Could the records below be restated word for word, without a single picture?

--- START ---

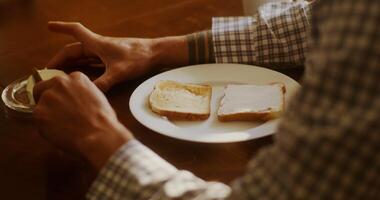 Young man of European appearance spreads butter on toast, preparing for breakfast, sitting at the table, close-up video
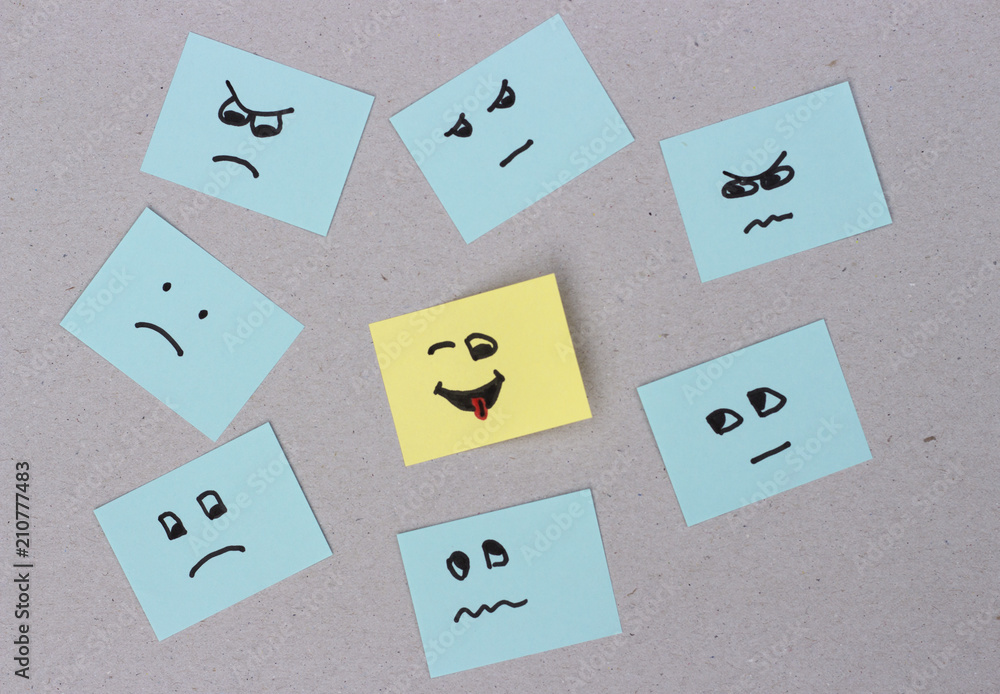 Unhappy smilies and a happy face painted on office stickers Unhappy smilies and a happy face painted on office stickers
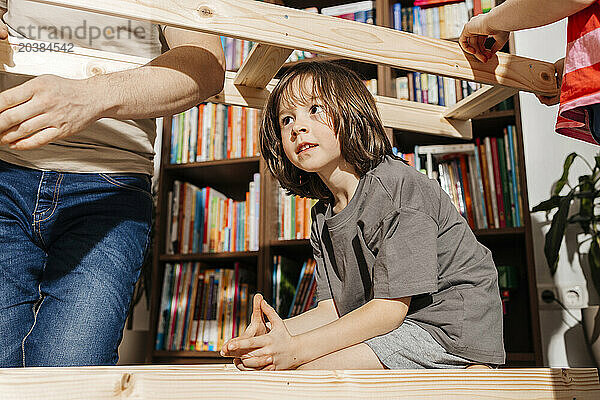 Boy inside of wooden furniture by father and sibling at home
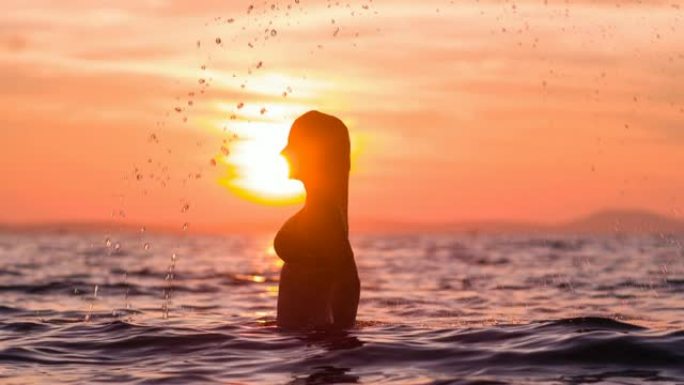 热带度假的女人在日落时分在海洋中泼水长发
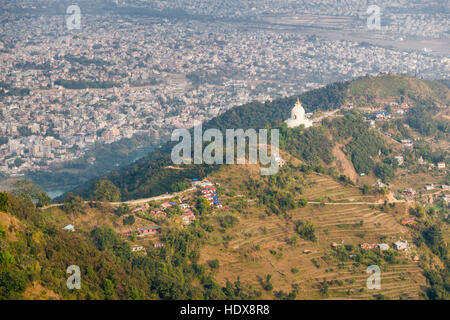 Vista aerea su un villaggio locale e la pace nel mondo stupa, pokhara e alcune montagne in distanza Foto Stock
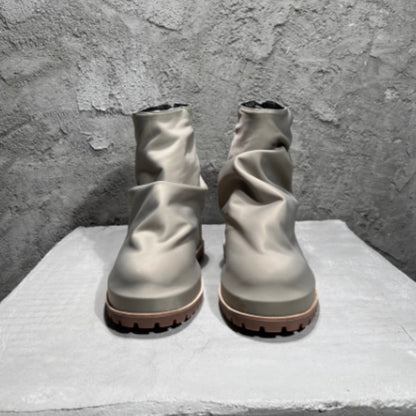 Bottes hautes plissées en cuir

--- END ---

### [Task response]
 Young man of European appearance spreads butter on toast, preparing for breakfast, sitting at the table, close-up video
 Unhappy smilies and a happy face painted on office stickers Unhappy smilies and a happy face painted on office stickers
 Boy inside of wooden furniture by father and sibling at home
 热带度假的女人在日落时分在海洋中泼水长发
 Vista aerea su un villaggio locale e la pace nel mondo stupa, pokhara e alcune montagne in distanza Foto Stock
 Bottes hautes plissées en cuir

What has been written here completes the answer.